From the later sections a few characteristic comments may be given in an
abridged form.

We are apt to have rather free and easy notions of the
Divine fatherhood. To call God our Father, we must ourselves
be sons; and it is only those who are led by the Spirit of
God who are the sons of God.... Ask for great things, and
small things will be given to you. This is exactly the
spirit of the Lord's Prayer.... Act for God. Direct your
thoughts and intentions Godward, and your intelligence and
affections will gradually follow along the line of your
action.... You must put God first, or nowhere.... It is a
perilous error to say that we have only to follow our
conscience; we have to enlighten our conscience and keep it
enlightened.... There is no greater plague of our generation
than the nervous anxiety which characterises all its
efforts. We ought to be reasonably careful, and then go
boldly forward in the peace of God.... Our Lord did not
mean to make of His disciples a new kind of Pharisee.
....'Judge not,' means, Do not be critical. The condemnation
of one who is always finding fault carries no moral weight.
It is those who have the lowest and vaguest standards of
what is right who are often the most critical in judgment of
other people.... We ought so to limit our desires that what
we want for ourselves we can reasonably expect also for
others.... A man who wants to do his duty must always be
prepared to stand alone.... Christianity is not so much a
statement of the true end or ideal of human life, as a great
spiritual instrument for realising the end.

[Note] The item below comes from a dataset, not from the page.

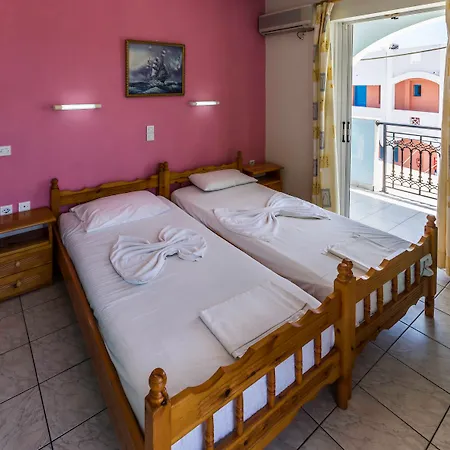 Vossos Aparthotel Laganas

These extracts will be sufficient to show what are the characteristics
of these little commentaries. They exhibit extreme honesty of purpose,
fearless acceptance of Christ's teaching honestly interpreted, scorn of
unreality and empty words, and a determination never to allow preaching
to be divorced from practice. No more stimulating Christian teaching has
been given in our generation.

The valuable treatise on the Holy Communion, called 'The Body of
Christ,' is too theological for detailed discussion in these pages. The
points in which the Roman Church has perverted and degraded the really
Catholic sacramental doctrine are forcibly exposed, and the true nature
of the sacrament is unfolded in a masterly and beautiful manner.

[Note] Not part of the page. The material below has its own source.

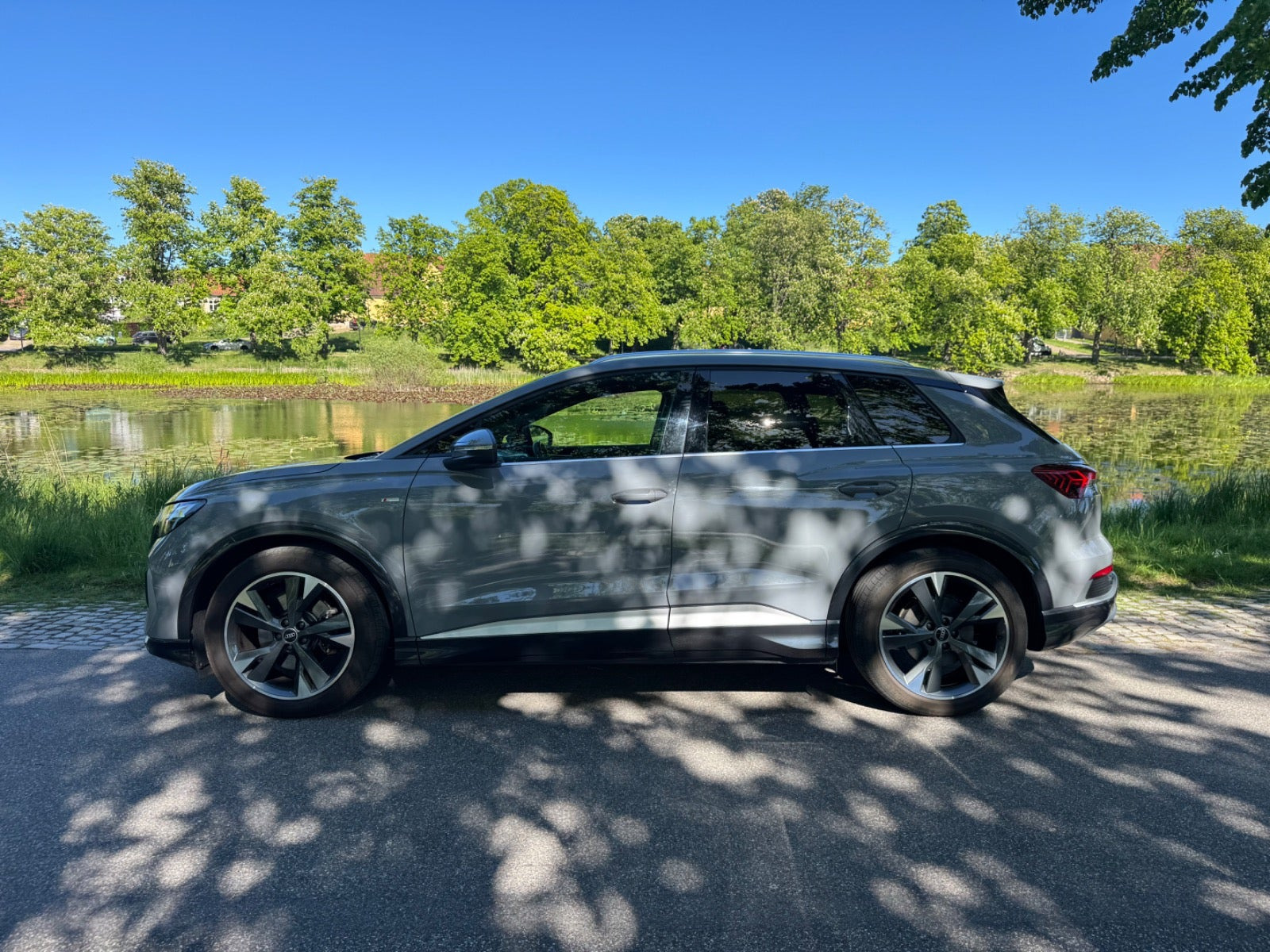 Grå Audi Q4 e-tron fra 2022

A study of the whole body of theological writings from the pen of this
remarkable man leaves us with the conviction that he is one of the most
powerful spiritual forces in our generation. It is the more to be
regretted that in certain points he seems to be hampered by false
presuppositions and misled by unattainable ideals. His loyalty to
'Catholic truth,' as understood by the party in the Church to which he
consents to belong, prevents him from understanding where the shoe
really pinches among those of the younger generation who are both
thoughtful and devout. He makes a fetish of the Creeds, documents which
only represent the opinions of a majority at a meeting; and what manner
of meetings Church Councils sometimes were, is known to history. He is
still impressed with the grandeur of the Catholic idea, as embodied in
the Roman Church, and will do nothing to preclude reunion, should a
more enlightened policy ever prevail at the Vatican. But this country
has done with the Roman Empire, in its spiritual as well as its temporal
form. The dimensions of that proud dominion have shrunk with the
expansion of knowledge; new worlds have been opened out, geographical
and mental, which never owned its sway; the _caput orbis_ has become
provincial, and her authority is spurned even within her own borders.
There is no likelihood of the English people ever again accepting
'Catholicism,' if Catholicism is the thing which history calls by that
name. The movement which the Bishop hopes to lead to victory will
remain, as it has been hitherto, a theory of the ministry rather than of
the Church, and its strength will be confined, as it is now, mainly to
clerical circles.

Catholicism and Protestantism (in so far as they are more than names for
institutionalism and mysticism, which are permanent types) are both
obsolescent phases in the evolution of the Christian religion. 'The time
cometh when neither in this mountain nor yet at Jerusalem shall men
worship the Father.'

A profound reconstruction is demanded, and for those who have eyes to
see has been already for some time in progress. The new type of
Christianity will be more Christian than the old, because it will be
more moral. A number of unworthy beliefs about God are being tacitly
dropped, and they are so treated because they are unworthy of Him. The
realm of nature is being claimed for Him once more; the distinction
between natural and supernatural is repudiated; we hear less frequent
complaints that God 'does nothing' because He does not assert Himself by
breaking one of His own laws. The divinity of Christ implies--one might
almost say it means--the eternal supremacy of those moral qualities
which He exhibited in their perfection. 'Conversio fit ad Dominum ut
Spiritum,' as Bengel said. The visible or Catholic Church is not the
name of an institution which has the privilege of being governed by
bishops. It is 'dispersed throughout the whole world,' under many
banners and many disguises. Its political reunion is (Plato would say)
an hen mhytho ehyche, and is at present neither to be expected nor
desired. Among those who are by right citizens of the spiritual kingdom,
those only are in danger of exclusion from it who entrench themselves in
a little fort of their own and erect barriers, which may make them their
own prisoners, but which will not hinder the great commonwealth of
seekers after truth from working out modern problems by modern lights,
until the whole of our new and rich inheritance, intellectual, moral,
and aesthetic, shall be brought again under the obedience of Christ.

FOOTNOTES:

[24] In 1908.

[25] Palmer's _Narrative_, p 20.

[26] _Contemporary Review_, April 1899.

[27] _The Church and the Ministry_, pp. 9, 10.

[28] _Ibid_., p. 74.

[29] _The Church and the Ministry_, p. 110.

[30] _Ibid_., p. 344.

[31] _Ibid_., p. 345.

[32] _Ibid_., p. 348.

[33] _The Mission of the Church_, p. 32.

[34] _Church Congress Report_, 1896, p. 143.

[35] _Ibid_., p. 142.

[36] _Church Congress Report_, 1903, p. 15.

[37] _Ibid_., p. 17.

[38] _The New Theology and the Old Religion_, p. 162.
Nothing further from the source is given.